Wednesday, December 14, 2011
I once heard a scholar speak about them and his assumption was that since they were from the East they were non Jewish. But there were many Jewish communities in the East as well as in Egypt. Therefore, my guess is that the Wise Men were Jewish people of the Diaspora whose families had been taken from Palestine during the Assyrian or Babylonian conquests or at least men influenced by Jewish people of the Diaspora.
News of their inquiries concerning a king reached Herod, and he sent for them under the guise of wanting to worship this new king. But in fact, Herod was troubled by prophecies that a child would be born who would rule Israel–after all, he was the king of this land. And being a ruthless king he would not let such a thing happen.

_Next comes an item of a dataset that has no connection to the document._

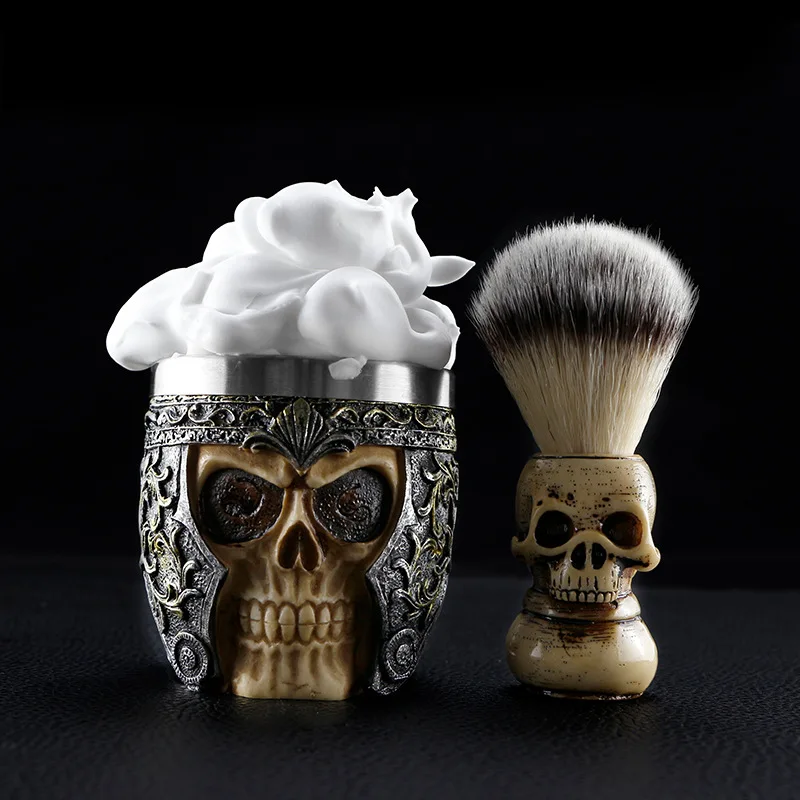 Fiber resin handle beard shaving brush personality skull beard brush set, stainless steel bubbling bowl men's shaving gift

After consulting with his priests, he told the Wise Men of the prophecy that the Messiah would be born in Bethlehem and sent them on their way after instructing them to return to tell him when they had found the new king. But being warned by an angel that Herod’s intent wasn’t to worship the king, but to kill Him, they refused the order and after worshiping the Infant King returned to the east without telling Herod.
As the prophecy foretold the Wise Men found Mary, Joseph, and Jesus in Bethlehem, but not in the stable. By then Mary and Joseph had moved out of the stable and into a house. I often wonder what these intelligent, wealthy men thought as they beheld the helpless infant born to such humble parents. They’d had a lot of time to build up expectations as they traveled to Bethlehem. Did they go away confirmed and elated or disappointed and wondering? The decision was theirs to make, but I tend to think they were jubilant. They knew they had found the King of Kings.
Tradition always tells the story of the Wise Men following a star, but really they were following their own hearts. Thousands saw the sign, the star in the sky, but few had studied enough to be able to recognize it and fewer still cared enough to see where it led. No, it wasn’t the star they followed, it was their own hearts that guided them to travel west, to find their Savior, and to refuse to tell Herod. Thus we have a beautiful definition of what it means to be wise; to follow the righteous promptings of your heart.
That is one question the story does answer; the wise men and women of the world are those who follow the path of light to find their King.